The Lonesome West may sound like a title for a play where vast sweeps of mountains frame a solitary horseback rider or tower over bent, dusty people scratching away at unforgiving soil trying to eke out a living.
This is not about that atall. No, not that atall. The Rep at Pittsburgh Playhouse presents something about a few souls in western Ireland, near the rugged coast. Mainly two fractious brothers Coleman and Valene Connor. Loneliness never comes up. They don’t even give it a second thought. They don’t give much of anything a thought except how to provoke each other, ready to knock down and pummel, pull a knife, fire a rifle.
Well now, you could find these encounters loads of fun, feeling immersed in a colorful alien form of life. Yet a sad, sweet, confused priest stumbles in and out bringing enough sorrow to point out that existence in this fraction of the world is not a bowl of cheery, nourishing oatmeal. Glory be, the acting gives it depth and fervor. And you get a solid sense of immersion in something memorably real.
You ask what playwright Martin McDonagh is fundamentally trying to tell us with that title? I haven’t a clue. This looks mostly comic. But as to what the dialogue was trying to say behind that, I haven’t a wisp of an idea. I had trouble stumbling through the thickness of noisy, regional accents and their dialect t’other night at Pittsburgh Playhouse. Not that I was alone in that fog. Except for a claque of eager Point Park students around me, few other people in the audience seemed to be in on the verbal fun. Not that we had to understand every wee ficking word. We could tell what was happening. Clearly this is not Bernard Shaw prodding and pushing intricately worded provocative social comment. The plot? Not that complicated.

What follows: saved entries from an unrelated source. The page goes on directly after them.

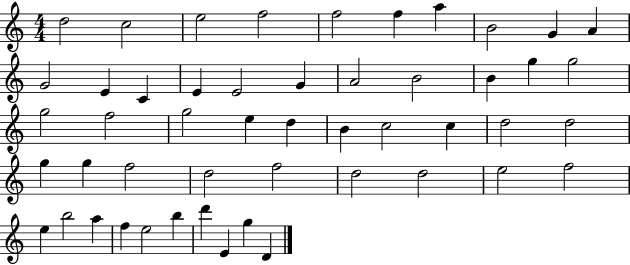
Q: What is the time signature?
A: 4/4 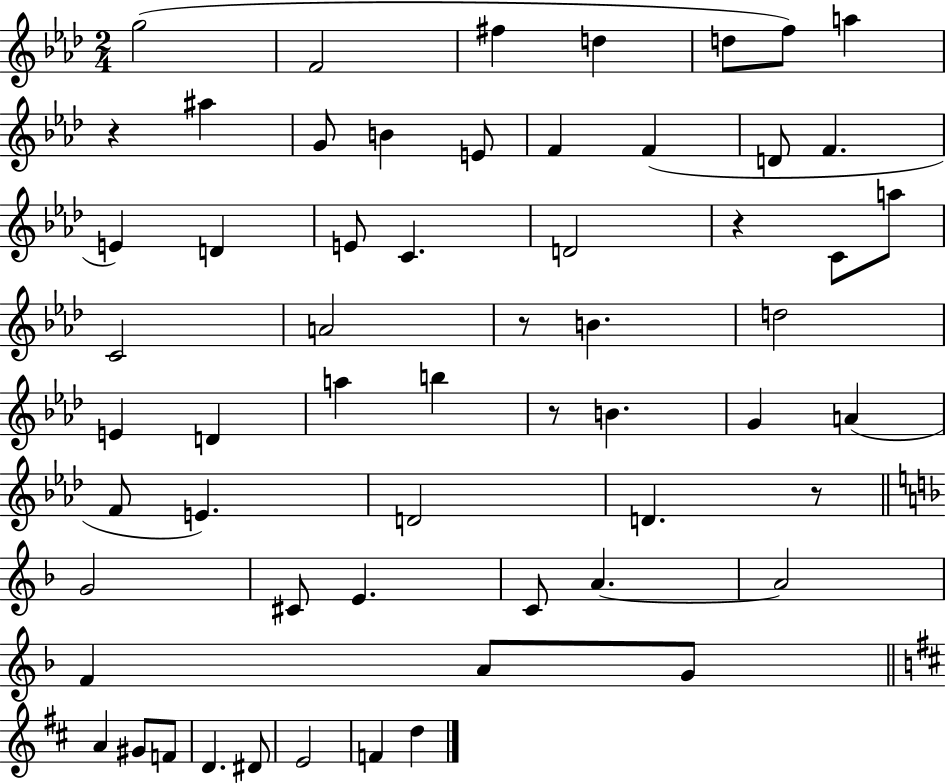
G5/h F4/h F#5/q D5/q D5/e F5/e A5/q R/q A#5/q G4/e B4/q E4/e F4/q F4/q D4/e F4/q. E4/q D4/q E4/e C4/q. D4/h R/q C4/e A5/e C4/h A4/h R/e B4/q. D5/h E4/q D4/q A5/q B5/q R/e B4/q. G4/q A4/q F4/e E4/q. D4/h D4/q. R/e G4/h C#4/e E4/q. C4/e A4/q. A4/h F4/q A4/e G4/e A4/q G#4/e F4/e D4/q. D#4/e E4/h F4/q D5/q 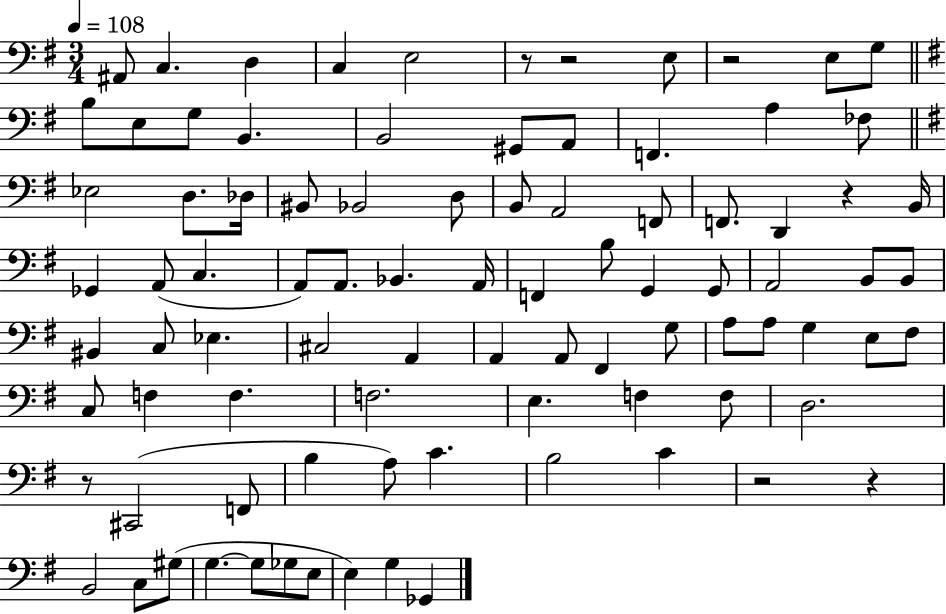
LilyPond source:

{
  \clef bass
  \numericTimeSignature
  \time 3/4
  \key g \major
  \tempo 4 = 108
  ais,8 c4. d4 | c4 e2 | r8 r2 e8 | r2 e8 g8 | \break \bar "||" \break \key g \major b8 e8 g8 b,4. | b,2 gis,8 a,8 | f,4. a4 fes8 | \bar "||" \break \key g \major ees2 d8. des16 | bis,8 bes,2 d8 | b,8 a,2 f,8 | f,8. d,4 r4 b,16 | \break ges,4 a,8( c4. | a,8) a,8. bes,4. a,16 | f,4 b8 g,4 g,8 | a,2 b,8 b,8 | \break bis,4 c8 ees4. | cis2 a,4 | a,4 a,8 fis,4 g8 | a8 a8 g4 e8 fis8 | \break c8 f4 f4. | f2. | e4. f4 f8 | d2. | \break r8 cis,2( f,8 | b4 a8) c'4. | b2 c'4 | r2 r4 | \break b,2 c8 gis8( | g4.~~ g8 ges8 e8 | e4) g4 ges,4 | \bar "|."
}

McDonagh can amuse you greatly, but he also reminds us that such people struggle with the truths of an unrelenting environment. Don’t, then, anticipate the riotous blood and gore of his The Lieutenant of Inishmore or the movie In Bruges. Don’t expect lurking horror, casting ironic shadows on cruel, oppressive regimes as in The Pillowman. This is lighter.
Dave Droxler stands out as the most complex character, the young Father Welsh who tries to be a meaningful part of this community but remains out of place. Droxler brings out the true dimensions of vulnerability, human weakness and need. Philip Winters’ take on Coleman always looks solid and real, although perhaps not as dim-witted as you’d think the man is. Valene is played by David Cabot, looking as if he’s trying to physically and verbally establish someone more complex than what’s behind anything Valene does or says. Director Kim Martin should have tried to get Cabot to blend in more with other people’s more realistic style.
Martin keeps the whole thing moving vigorously, adding to a sense that these are not caricatures, aided by fight director Randy Kovitz and a few special effects from Steve Tolin.
I question, however, why Martin or other directors in these parts of the US feel that their casts have to do their damndest to speak accurately like people whose language and accents are so far removed from our own that we may have trouble understanding them. This happened before with The Rep’s own production of Mojo by Jez Butterworth when Cockney words and sounds remained so dense it was almost impossible to tell what was actually being said. It happens often in productions by Pittsburgh Irish and Classical Theatre. Burying the essence of the text in needless authenticity does not serve the playwright well. At such times, when I look at many other people in the audience and see their blank expressions, their solemnity during presumably funny moments I know I’m not alone in puzzlement. You’d think directors could see this too.